Data preprocessing: Data preprocessing is a crucial step in preparing data for artificial neural network (ANN) analysis. It involves cleaning the data to remove errors and inconsistencies, and normalizing it to establish a standardized format suitable for analysis. This includes identifying and removing missing values, outliers, and irrelevant data points. Normalization techniques such as scaling or standardization are used to ensure that all features are on a similar scale, allowing the ANN to learn the patterns in the data more effectively [41]. A well-preprocessed dataset is essential for accurate and effective ANN analysis.

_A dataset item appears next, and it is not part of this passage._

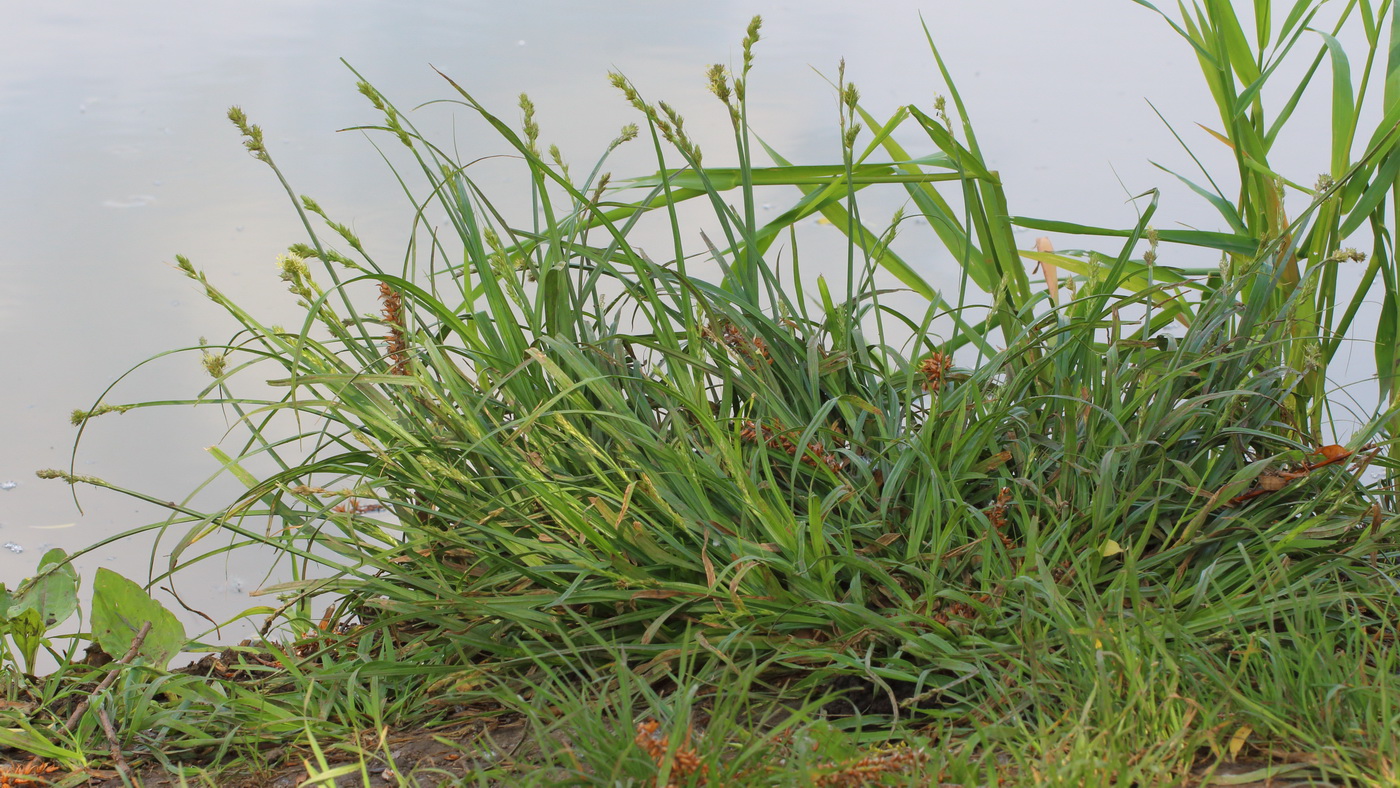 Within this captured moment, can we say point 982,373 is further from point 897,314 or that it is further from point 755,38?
point 755,38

Data splitting: Once data preprocessing is completed, the dataset is split into three sets: training, validation, and testing. The training set is used to train the ANN model, while the validation set is used to adjust model parameters and prevent over fitting 254. Finally, the testing set is used to evaluate the performance of the trained model on unseen data [9]. This approach ensures that the performance of the ANN model is not overly influenced by the training data and can generalize to new, unseen data.

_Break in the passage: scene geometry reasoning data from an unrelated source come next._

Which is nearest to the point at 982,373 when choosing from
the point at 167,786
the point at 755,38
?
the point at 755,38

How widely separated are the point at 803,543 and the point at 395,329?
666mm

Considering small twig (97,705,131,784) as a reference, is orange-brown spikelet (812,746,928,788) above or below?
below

ANN structural design: The structural design of an artificial neural network (ANN) involves creating an input layer, one or more hidden layers, and an output layer [25]. The number of nodes in each layer and the activation functions used can be optimized using techniques such as grid search and cross-validation. Grid search involves systematically testing different combinations of hyper parameters to identify the optimal configuration, while cross-validation involves evaluating the performance of the model on different subsets of the data to prevent over fitting.

Model justification: The performance of an artificial neural network (ANN) is justified by evaluating its accuracy, precision, recall, and other metrics on a separate validation set. If necessary, the ANN’s settings can be modified to improve its performance, such as adjusting the number of hidden layers or nodes, changing the learning rate, or using different activation functions [38,45]. The goal is to optimize the ANN to achieve the highest possible accuracy on unseen data while avoiding over fitting.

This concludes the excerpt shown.